PINSON: Some people think we don’t need to study the Randall movement because it represents such a small portion of the heritage of present-day Free Will Baptists, which is largely from the southern, or Palmer, movement. But I’m thinking, ‘Not so fast. We need to understand that movement.’ It had an impact on the modern movement through churches in southern Ohio and Missouri, and even some in West Virginia and Kentucky with a Randall heritage.

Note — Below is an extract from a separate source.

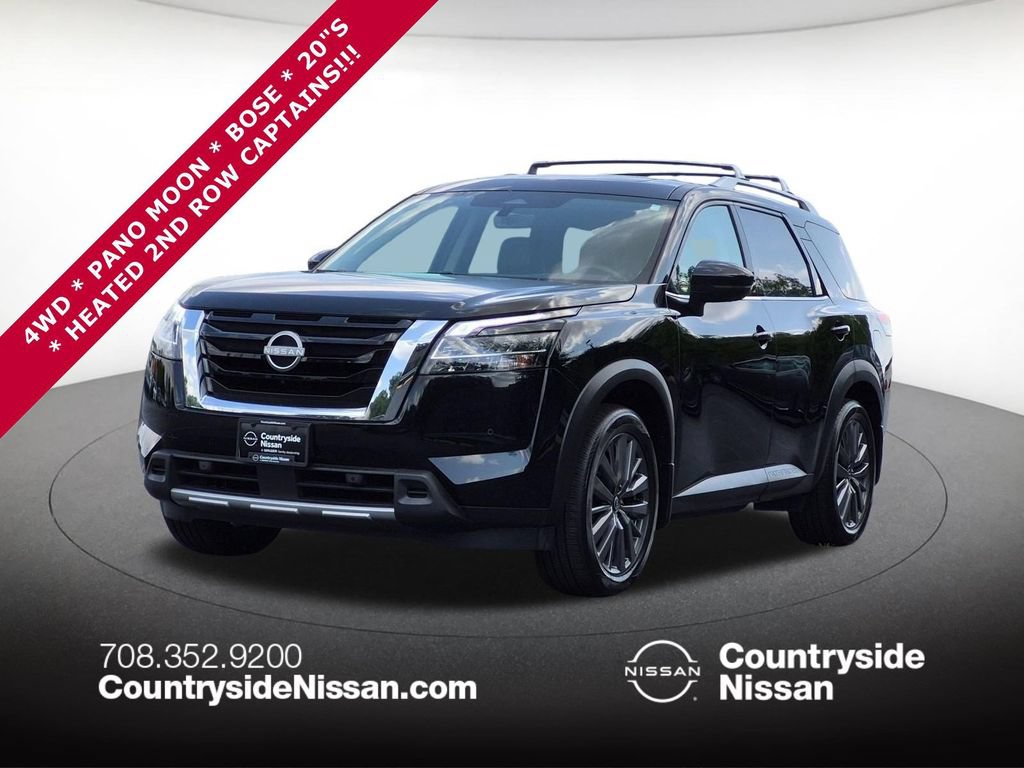 Used 2024 Nissan Pathfinder SL w/ SL Premium Package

In addition to that, the 1911 merger had a profound impact on the psyche of the Free Will Baptist denomination in the early twentieth century. The Southern Ohio movement, for example, linked up with the Palmer movement in the last quarter of the nineteenth century and was originally part of the General Conference, largely consisting of churches in the Southeast in the 1920s and 1930s. The 1911 merger with Northern Baptists was fresh on the minds of everyone in the General Conference.
I don’t think we need to ignore the Randall movement. It’s true, many people give too much emphasis to the Randall movement, almost as if it alone is the Free Will Baptist movement. Well, it’s not. It’s a small portion of Free Will Baptist history. There’s been too much of a tendency to ignore the history of the southern movement. So, I’m kind of in the middle here, saying to the people who want to ignore the Randall movement, ‘No, not so fast. We don’t need to ignore that movement. We need to pay attention to it.’
On the other hand, I’m telling the people over here we need to stop putting all the emphasis on the Randall movement, most of which went out of existence in 1911, and start looking more at the broader picture. It’s a both/and thing.
People are going to find one thing very original, fascinating, and surprising — how liberal the Randall movement became in the late nineteenth and early twentieth centuries. Free Will Baptists in Missouri and Ohio and Texas who stayed out of the merger fall on the Fundamentalist side in the Fundamentalist-Modernist controversy.
We can learn many lessons from the Randall movement. They became fascinated with other groups, enamored with “keeping up with the Joneses” and being cool with, you know, the Methodists and the Congregationalists and the Baptists and the big churches downtown. They were very concerned about that.
I think they allowed respectability and concern for keeping up with “the big boys” from other denominations to lessen their concern about their own theology and what made them Free Will Baptists. They went for several years not preaching things in their Treatise — even if they still believed them — because they wanted to get members from other denominations. Pretty soon, nobody in their churches knew they were Free Will Baptist. Their reasons for being a separate denomination just faded away.
I think that’s a morality tale for us. I think we need to think about that in our movement today. Do we want our movement to survive? Do we think we have something to offer the church of Jesus Christ and the world? If we cover it up and obscure it, i.e. our Arminianism, our distinctives regarding the doctrine of the church, I think the same thing that happened to the Randall movement will happen to us.